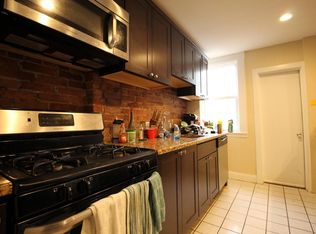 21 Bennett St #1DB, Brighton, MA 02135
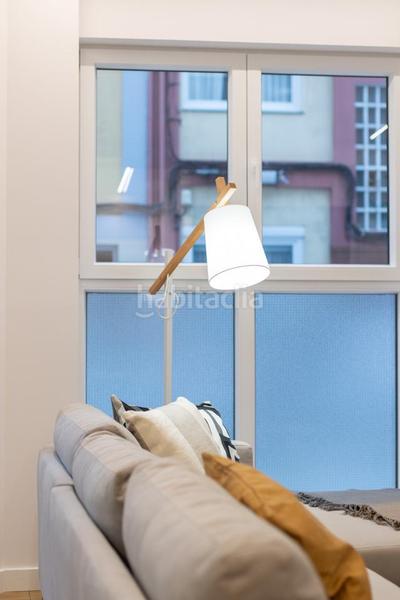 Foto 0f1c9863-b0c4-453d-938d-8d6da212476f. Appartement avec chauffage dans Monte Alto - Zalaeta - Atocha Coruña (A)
--*--
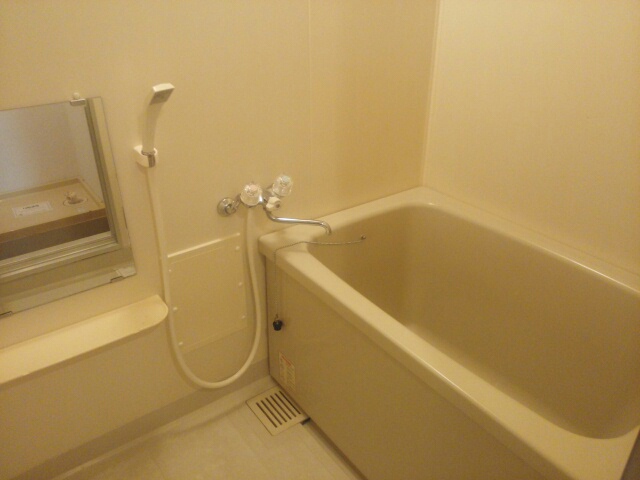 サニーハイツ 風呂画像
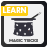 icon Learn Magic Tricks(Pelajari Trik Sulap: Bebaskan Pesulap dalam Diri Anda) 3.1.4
--*--
### Work item
Look above for the line with "サニーハイツ 風呂画像"; quote it and every line after it, stopping after the line with "icon Learn Magic", exactly, with nothing added and without pictures.

### Response for this exercise
 サニーハイツ 風呂画像
 icon Learn Magic Tricks(Pelajari Trik Sulap: Bebaskan Pesulap dalam Diri Anda) 3.1.4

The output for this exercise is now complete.